### WHAT TO DO
Take the line that contains "We will learn" and each line after it to the end of the data below, and set them down exactly, omitting pictures.
'''
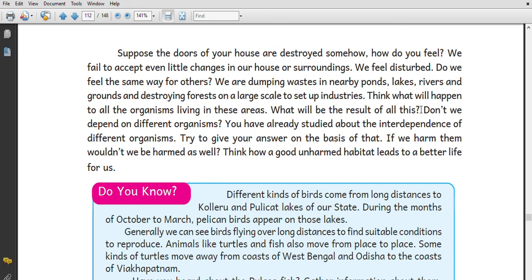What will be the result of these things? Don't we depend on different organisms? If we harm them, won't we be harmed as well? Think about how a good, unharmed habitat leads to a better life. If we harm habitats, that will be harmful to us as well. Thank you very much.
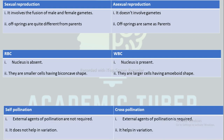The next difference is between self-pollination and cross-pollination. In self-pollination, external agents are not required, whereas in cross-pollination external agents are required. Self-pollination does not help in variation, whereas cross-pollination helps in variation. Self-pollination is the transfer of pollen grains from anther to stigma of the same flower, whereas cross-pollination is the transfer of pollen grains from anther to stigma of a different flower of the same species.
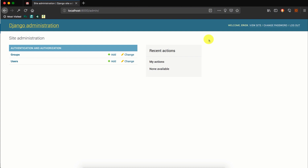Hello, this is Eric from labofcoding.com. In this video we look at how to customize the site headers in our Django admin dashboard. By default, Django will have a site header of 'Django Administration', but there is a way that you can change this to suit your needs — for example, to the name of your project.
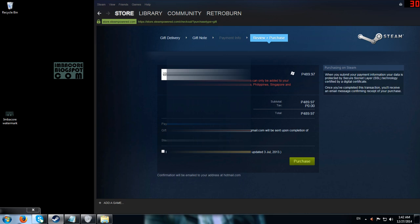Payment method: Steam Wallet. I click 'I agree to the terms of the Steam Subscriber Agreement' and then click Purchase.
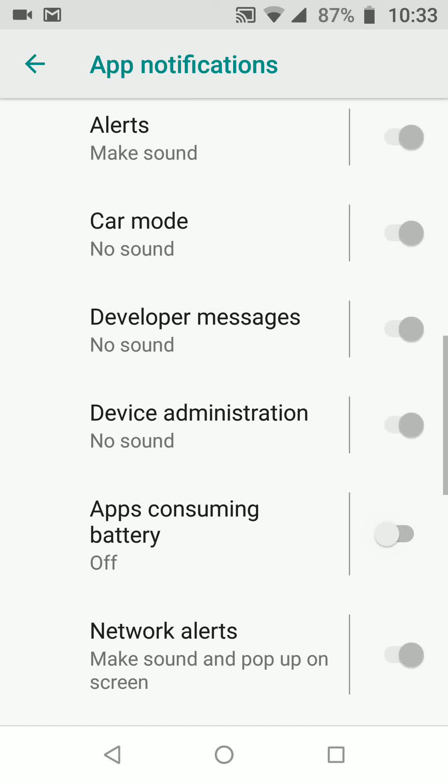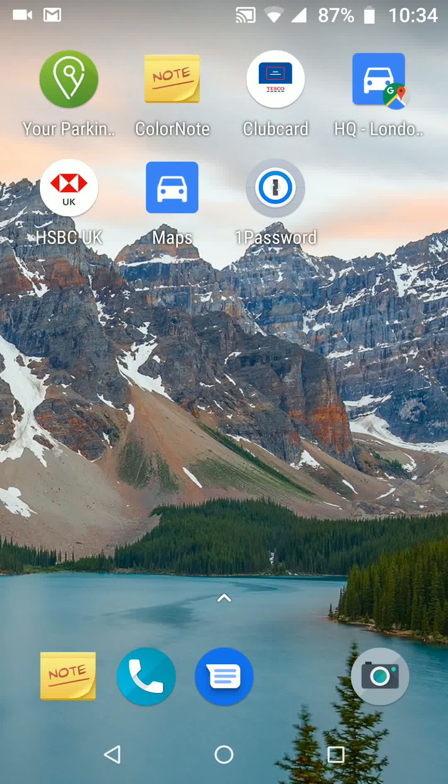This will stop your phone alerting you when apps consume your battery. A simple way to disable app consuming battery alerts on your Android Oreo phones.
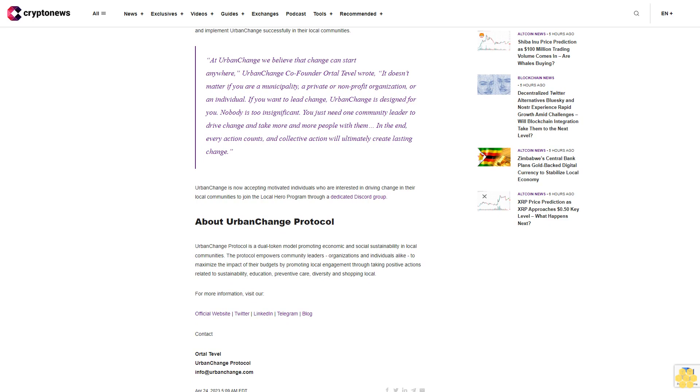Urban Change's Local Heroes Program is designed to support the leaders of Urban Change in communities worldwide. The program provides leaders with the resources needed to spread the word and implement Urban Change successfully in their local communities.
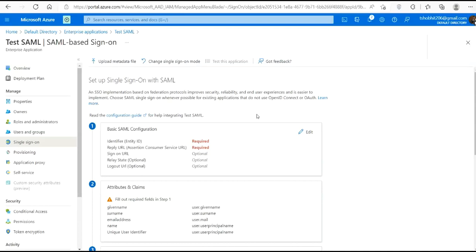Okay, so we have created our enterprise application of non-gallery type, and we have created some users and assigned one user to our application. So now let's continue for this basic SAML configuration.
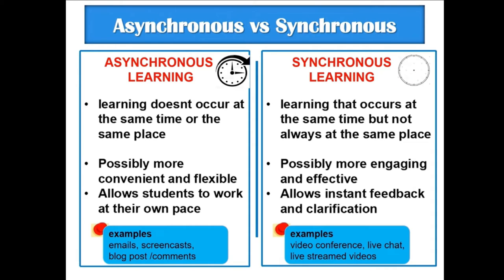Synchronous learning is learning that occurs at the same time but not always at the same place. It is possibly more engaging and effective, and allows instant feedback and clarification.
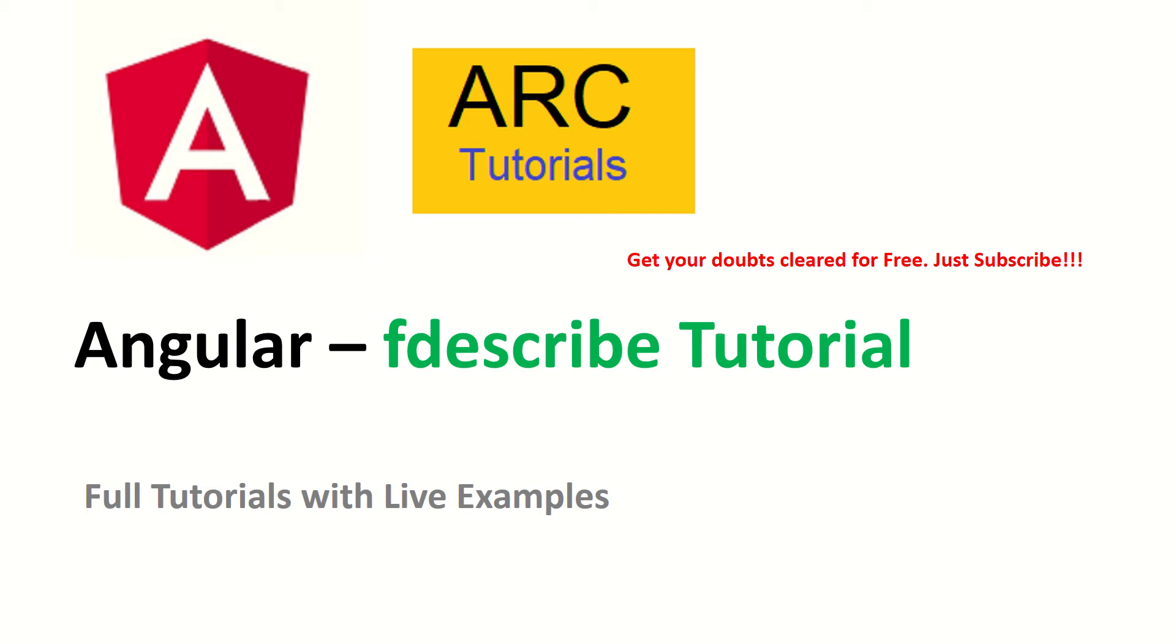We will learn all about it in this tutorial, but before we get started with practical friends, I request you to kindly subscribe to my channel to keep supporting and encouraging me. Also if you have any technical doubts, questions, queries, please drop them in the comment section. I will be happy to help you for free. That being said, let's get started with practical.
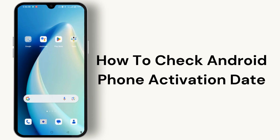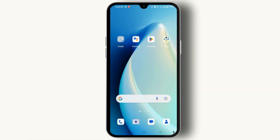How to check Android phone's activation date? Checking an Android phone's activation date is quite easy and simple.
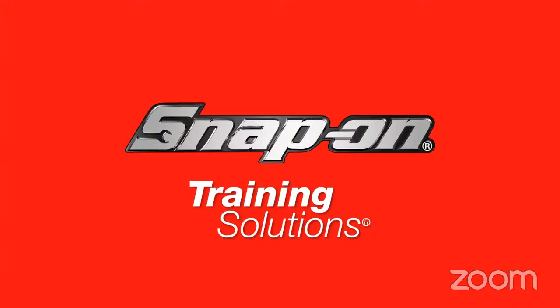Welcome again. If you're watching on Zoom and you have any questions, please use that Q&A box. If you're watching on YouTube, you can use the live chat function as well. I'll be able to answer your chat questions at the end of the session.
'''
### OUTPUT OF THE TASK
We will learn all about it in this tutorial, but before we get started with practical friends, I request you to kindly subscribe to my channel to keep supporting and encouraging me. Also if you have any technical doubts, questions, queries, please drop them in the comment section. I will be happy to help you for free. That being said, let's get started with practical.
How to check Android phone's activation date? Checking an Android phone's activation date is quite easy and simple.
Welcome again. If you're watching on Zoom and you have any questions, please use that Q&A box. If you're watching on YouTube, you can use the live chat function as well. I'll be able to answer your chat questions at the end of the session.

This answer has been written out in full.